We call attention to the italicized words "any" and "every" in the subsections (a) and (b) above and interpret those provisions, taken together, to mean that a distribution is presumed to be made out of earnings and profits and, to the extent thereof, constitutes a dividend, unless the distribution is specifically covered by some other section of the code. Adapting the language of subsection (a), therefore, we have here a distribution in the form of an excessive payment for constructive tax liability, made by a corporation, Reeves-Ely, to its shareholder, Neon, out of earnings and profits. Plaintiff has failed to call our attention to any other section of the code which would better apply to the payments, and we have found no other. We are satisfied that the payments constituted a dividend.

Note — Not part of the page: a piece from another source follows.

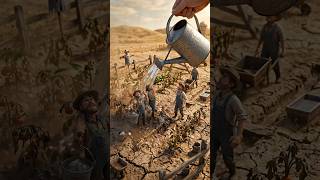 Giant Hand Saves Tiny Flooded City & Dying Farm 😱 | part1 #timelapse #tinyhouse #tinyhouselife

Parenthetically, it will be recalled that at the time Neon received the payments in 1953, it owned less than 95 percent of the outstanding Reeves-Ely common stock. However, the fact that Neon was the only shareholder to receive the payments now in issue does not deprive the payments of their classification as dividends. It is not necessary that a dividend be paid to all shareholders. Lincoln Nat'l Bank v. Burnet, 61 App. D.C. 354, 63 F.2d 131, 133 (1933).

We note that the case of Beneficial Corp. v. Comm'r, 18 T.C. 396 (1952), aff'd per curiam, 202 F.2d 150 (3d Cir. 1953), involved a question identical to the one we face here, to wit, in the language of the Tax Court, "whether amounts paid to petitioner in 1946 by its subsidiary corporations with whom it filed a consolidated return for 1945 constituted taxable dividends to the extent that they exceeded the tax liabilities properly allocable to the subsidiaries in the consolidated return." (18 T.C. at 397).

The taxpayer in Beneficial for the year 1945 filed a consolidated income and excess tax return in which it listed the operations of itself and five immediate subsidiaries. Each subsidiary consented to the filing...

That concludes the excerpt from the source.